As you can see from the graph, most of the data points are scattered and there seems to be a relatively low correlation between how fast the ball spins and how much it moves. This doesn't seem to strongly support our original thesis statement that the more revolutions per second, the more the ball will be displaced from the center line. However, such a conclusion makes sense. As our graph shows, there is in fact a slight positive correlation between the rps and the displacement (the slope is calculated at 0.01), though we expected a steeper line. However, our test was designed to measure the ball's friction with the air. Such friction is minimal and thus doesn't have much of an effect on the direction of the ball in mid-air. Also, we must consider the possibility that Duncan's ping pong skills are not capable of spinning the ball fast enough to see a strong correlation. Indeed, most of a spin's effectiveness in confusing the opponent occurs when the ball hits the paddle, and not fluctuations in the ball's path. Thus we can conclude that the direction of the ball's path, when it is hit, corresponds to the angle of the paddle, and not the amount of spin on the ball. The effectiveness of the spin, thus, occurs when the ball hits the opponent's paddle. The ball travels along the paddle upon contact and goes in an unexpected direction than it would have without the spin.
However, our data can illuminate a number of other conclusions besides the spin versus displacement.
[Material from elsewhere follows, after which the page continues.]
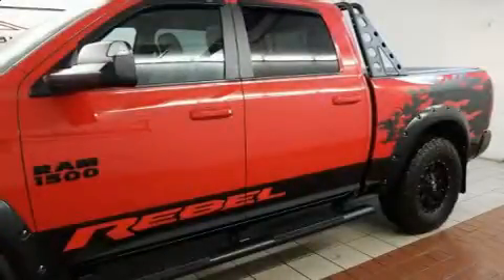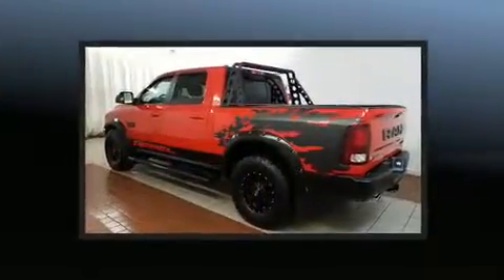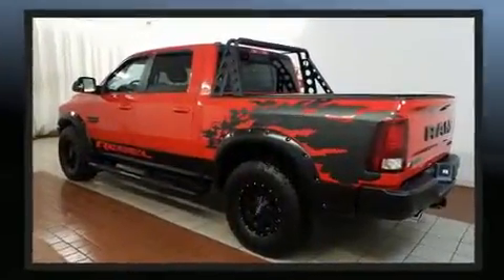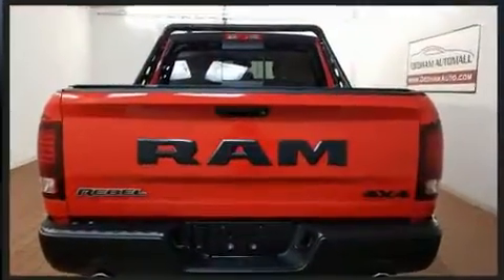Take command of the road in the 2016 Ram 1500. Smooth gear shifts are achieved thanks to the powerful 8-cylinder engine, and load leveling rear suspension maintains a comfortable ride. 4-wheel drive allows you to go places you've only imagined.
First of all, by measuring the ball's circumference (rolling it on a piece of paper and measuring the line for a rotation), we can determine how fast the ball is spinning in meters per second. We do this by mulitplying the circumference in meters by the rotations per second. Knowing how fast the ball is rotating, we can calculate how fast the hand must have been moving for each trial when the ball was hit. Thus, for each trial, when the ball initially rolled against the paddle, the hand was moving as fast as calculated (assuming the ball did not lose much spin from the air).
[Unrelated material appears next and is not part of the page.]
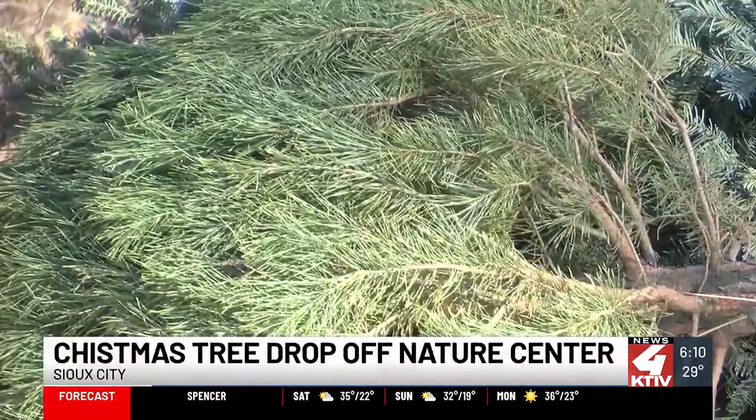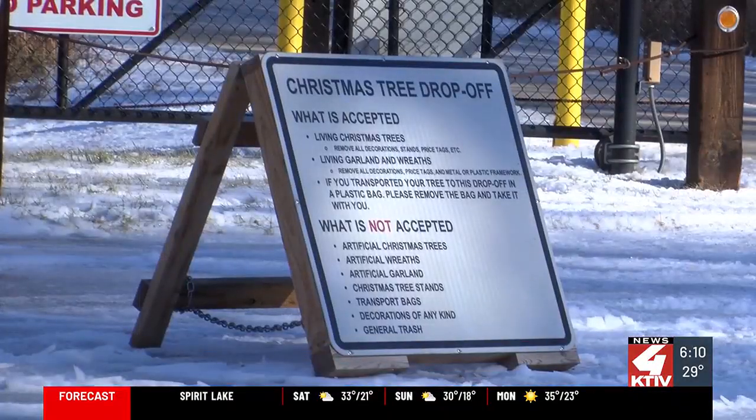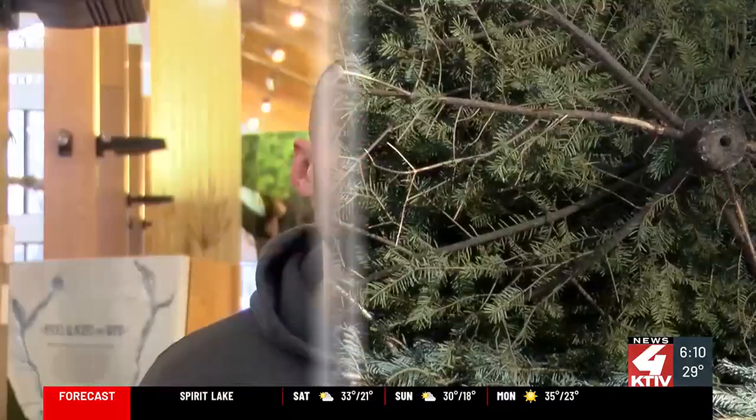The real trees will be chipped up and spread on the trails at the Nature Center. That brings a couple of benefits — the chipped up trees help with minimizing soil erosion, and they also help provide a soft, moderately dirt-free surface for people to walk on.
Also, we have enough data to calculate the momentum, and kinetic energy of the ball during its flight. The mass of the ball, at 2.47 g X the velocity of the ball for each trial gives us the following table of momentum during the ball's flight. Also, the kinetic energy is given by 1/2mv^2. This also adds the table below. Note that the actual hitting of the ball was recorded with a regular camera, not the high speed so it is difficult to measure the time (and therefore the acceleration of the ball) to hit the ball, and thus to caculuate the force. However, with some careful measuring, we estimated that the ball remained on the paddle for 0.03 s. Thus we are able to determine the rest.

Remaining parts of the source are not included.